Host Rob May sits down with Matthew Mattina, Head of Arm’s Machine Learning Research Lab. Tune in to hear all about his work using the existing Arm designs to help figure out how to do more for customers, what they see in the market in terms of new non-digital technologies, things that need to be solved or built that would help with their goals, what’s missing from the ecosystem, and much more.
CEO and Co-Founder
Head of Arm’s Machine Learning Research Lab
Rob May: Hi, everyone, and welcome to the latest episode of AI at Work. I’m Rob May, the co-founder and CEO of Talla. I’m your host today. I’m here with Matthew Mattina, the head of Arm’s machine learning research lab, which is based here outside of Boston. So, Matthew, welcome to the podcast today. And why don’t you tell us a little bit about your background and how you got to Arm and what kind of stuff you work on there today?
Matthew Mattina: Thanks, Rob. Happy to be here. I came to Arm by way of a local startup called Tilera. It was a semiconductor chip company, and we built a large multi-core processor. Eventually we got acquired in 2014. After that, I decided to do something different, and I moved to Arm, actually not directly working on ML at the time, sort of looking at new business opportunities for Arm. That brought me pretty quickly to look at the ML space. Eventually we decided to kind of build up or found, basically, a research lab inside of Arm to understand ML. Ultimately we also founded a business unit inside of Arm to productize it.
RM: How much of your work at a place like the Arm machine learning research lab is on using the existing Arm designs to help figure out how to do more machine learning for your customers, and how much of it is figuring out how to incorporate new hardware concepts into your chips that speed up and accelerate artificial intelligence?

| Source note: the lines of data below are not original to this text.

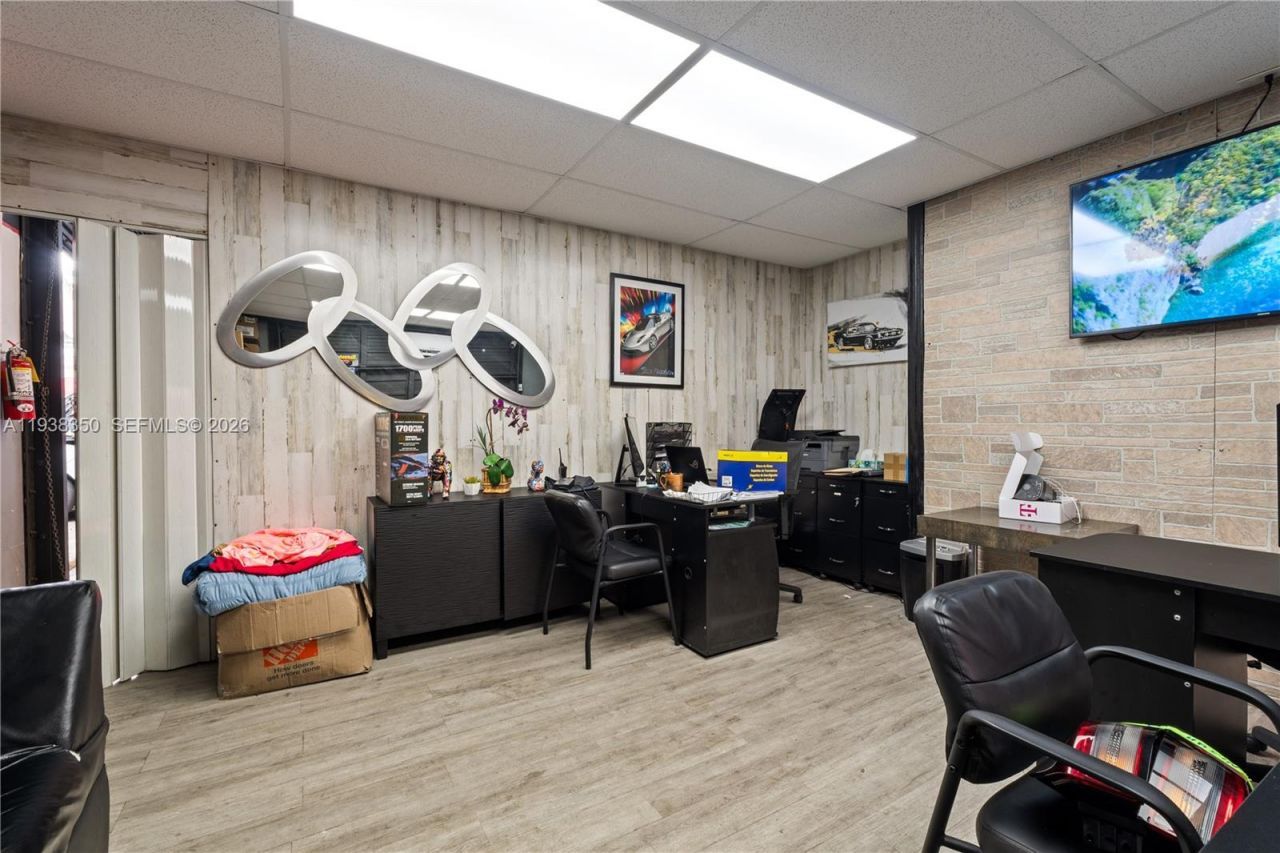 4350 NW 32nd Ave, Miami, FL 33142 Photo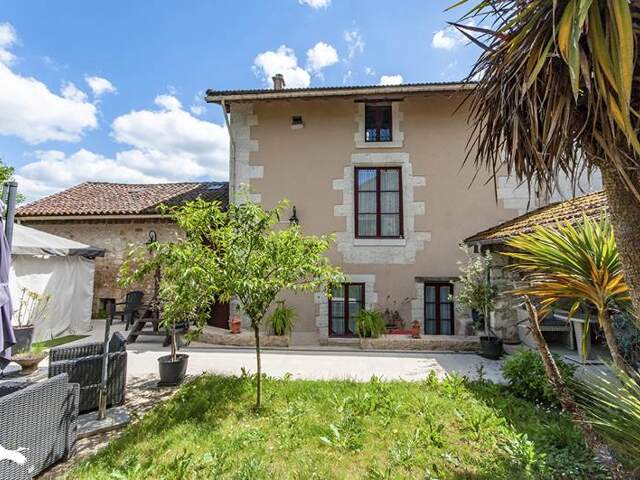 Maison de bourg de 7 pièces principales — photo du bien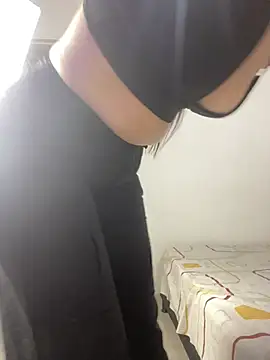 Webcam Model (SweetLatiin_)  is live.Free join now!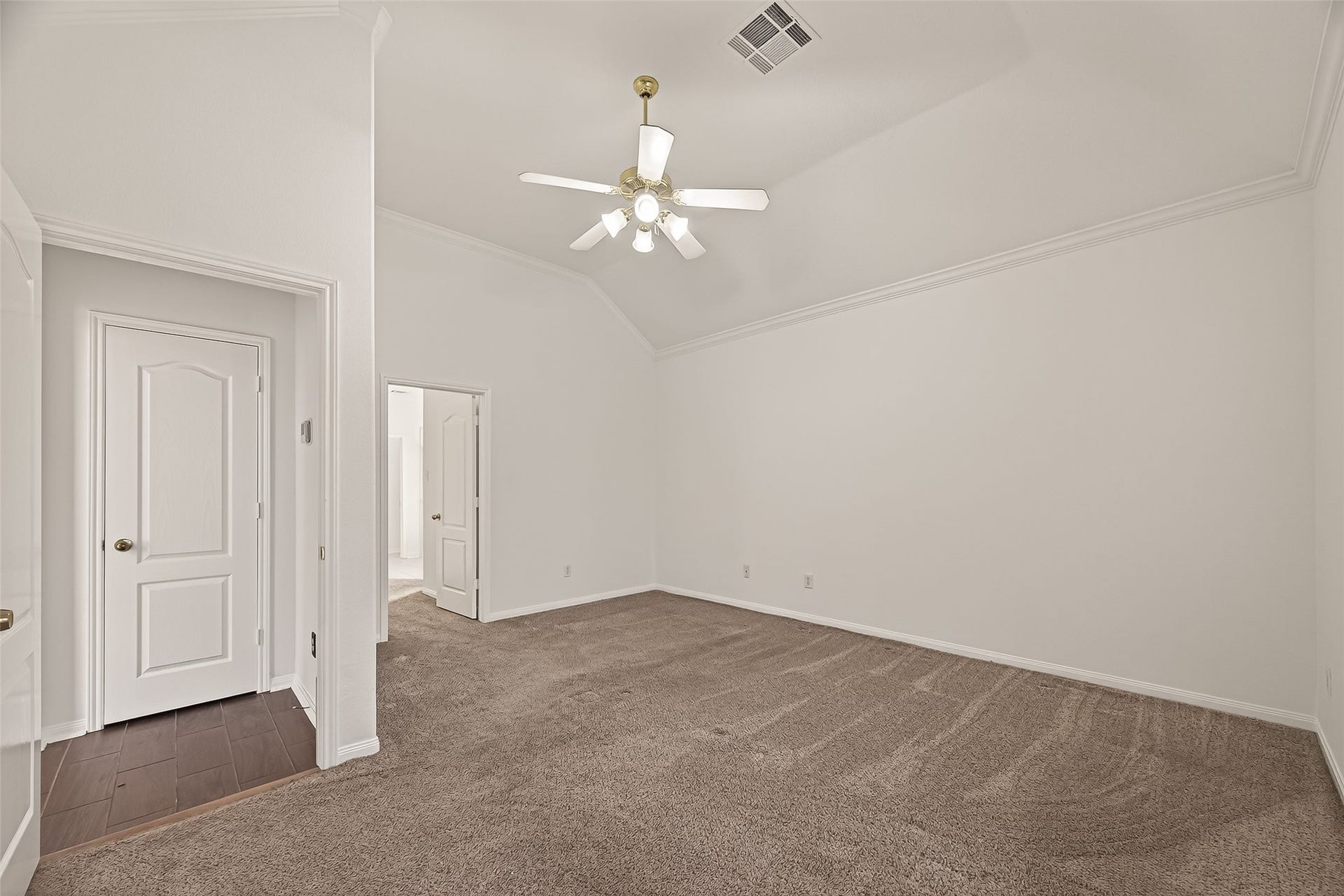 3804 Dunlavy Drive, Pearland, TX 77581 Primary Bedroom
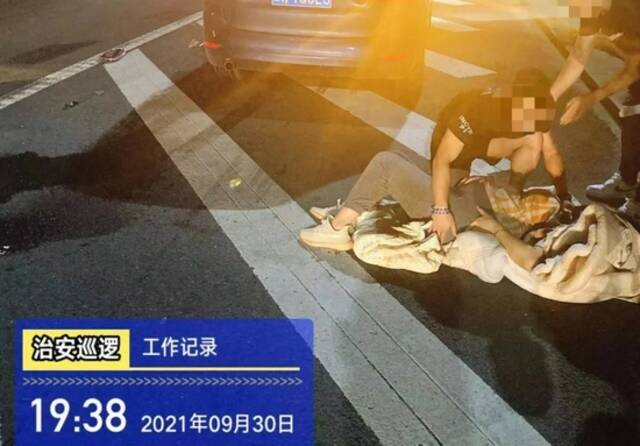 假期出城高峰，杭州一怀胎七月的孕妇竟躺在高速上......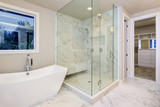 How to pick the right bath shower screens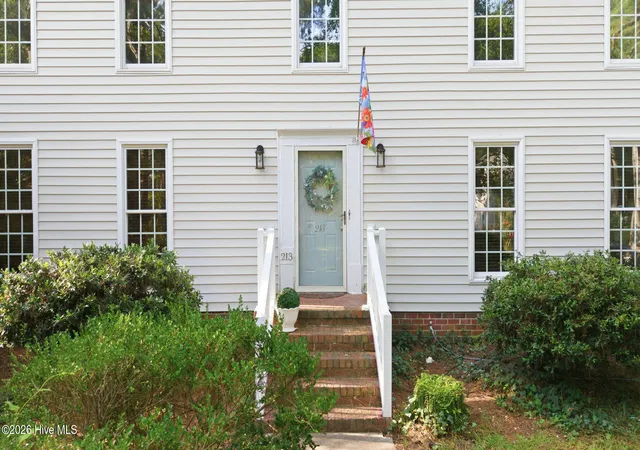 Photo 3 of Single family home for sale at 213 Woodhaven Rd, Greenville, NC 27834 | MLS# 100595084 | Listing updated on 2026-09-16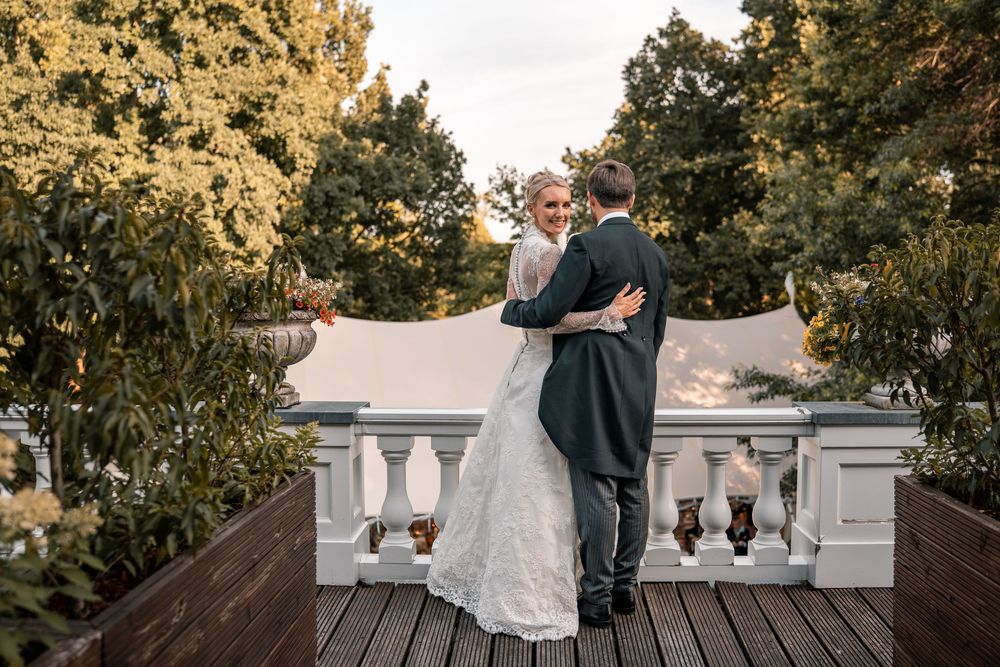 GOLDEN HOUR WEDDING PORTRAITS - NORFOLK LONDON WEDDING PHOTOGRAPHER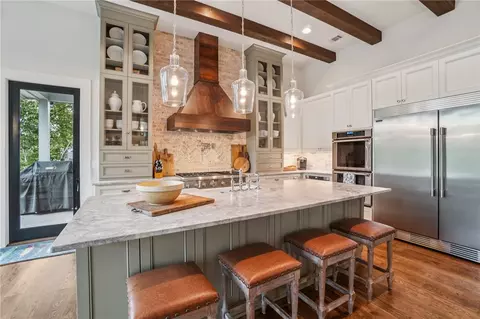Kitchen - 366 Peninsula Rdg, Sunset, SC 29685 photo 2 of 4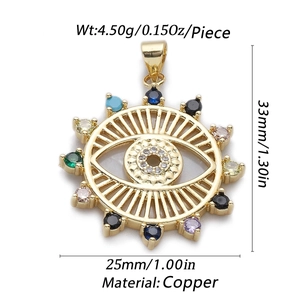 Dimensions détaillées pour le pendentif œil porte-bonheur doré serti de zircons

MM: That’s a good question. The truth is it’s both. About half of our work is around looking at how can we build better hardware for executing state-of-the-art machine learning applications, so things involving vision, object detection, speech translation. So, what should the hardware look like that can execute state-of-the-art CNNs, RNNs, whatever. Kind of a sub bullet to that is, what should the software kernels look like that execute them. There’s both the hardware piece of it, and then there’s the software library piece of it.
The other big thrust of our work is actually on the model design optimization. Let’s say we want to enable real-time translation on the device and the state-of-the-art models that do that maybe require many gigabytes of storage. In a constrained device like a mobile or even something small like a watch, you’re not going to have those resources. The big second part of our work is around actually how can we shrink models, how can we change model architecture, how can we find better model architectures that are more synergistic with mobile platforms, constrained platforms.
RM: Because you guys are going to typically run on smaller, more mobile types of devices for Arm applications, how do you break down the world between the types of machine learning use cases that can deal with the latency of sending things back to the cloud and everything else, and how much do you believe it’s going to be more like, no, the actual inference needs to happen on the device? What are you seeing in the market for the demand for those two types of structures?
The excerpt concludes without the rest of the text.